Reputation: 5863
I have been recently using beautiful soup 4 and I have been struggling to understand some basics of this (I was quite ok with bs3.x for some reason). So, for example, lets start off by doing something simple like:
data=soup.find_all('h2')
which yields me something like:
<h2><a href=\"/accurate-data/210-0023.prd?pageLevel=&skuId=210-0023\">more-accurate-data</a></h2>
which is fine. But when I want to regex the above string, using something along the lines off (assuming the above is stored in "temp"):
t=str(re.compile(r"""<h2><a href=\\"/accurate(.*?)\\">""").search(str(temp)).group(1))
I get:
AttributeError: 'NoneType' object has no attribute 'group'
which I find strange - because, when I do on the python interpretter, something like:
k=r"""<h2><a href=\"/accurate-data/210-0023.prd?pageLevel=&skuId=210-0023\">more-accurate-data</a></h2>"""
and then use the above regex, everything works fine.

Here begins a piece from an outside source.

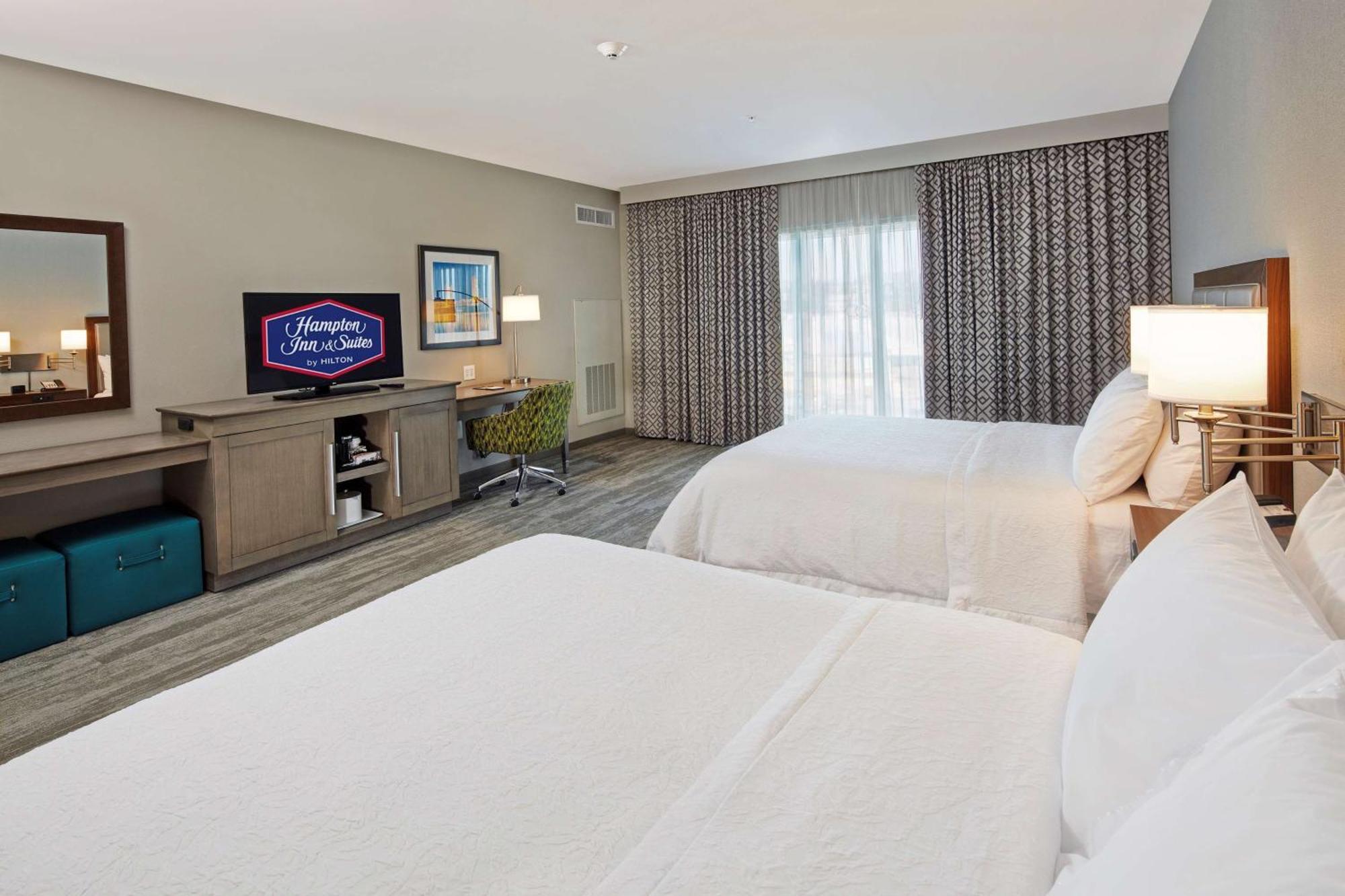 Hotel Hampton & At Csus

I am wondering why the "tags" type generated by bs4 seems non regex'able. Now I feel maybe I am doing something stupid or maybe something has changed between bs3.x and bs4 which I am not aware of. Any help on this would be appreciated. Thanks.
Upvotes: 1
Views: 1240
Reputation: 101959
You should try to see the repr
of the string:
>>> a=r"""<h2><a href=\"/accurate-data/210-0023.prd?pageLevel=&skuId=210-0023\">more-accurate-data</a></h2>"""
>>> print repr(a)
'<h2><a href=\\"/accurate-data/210-0023.prd?pageLevel=&skuId=210-0023\\">more-accurate-data</a></h2>'
And the regex works with this representation:
>>> regex = re.compile(r"""<h2><a href=\\"/accurate(.*?)\\">""")
>>> regex.match(a)
<_sre.SRE_Match object at 0x20fbf30>
The problem is that the result from beautiful soup is different, because you did not print its repr. When dealing with regexes it's a good idea to check the repr
of the strings involved to avoid things like this.
Upvotes: 2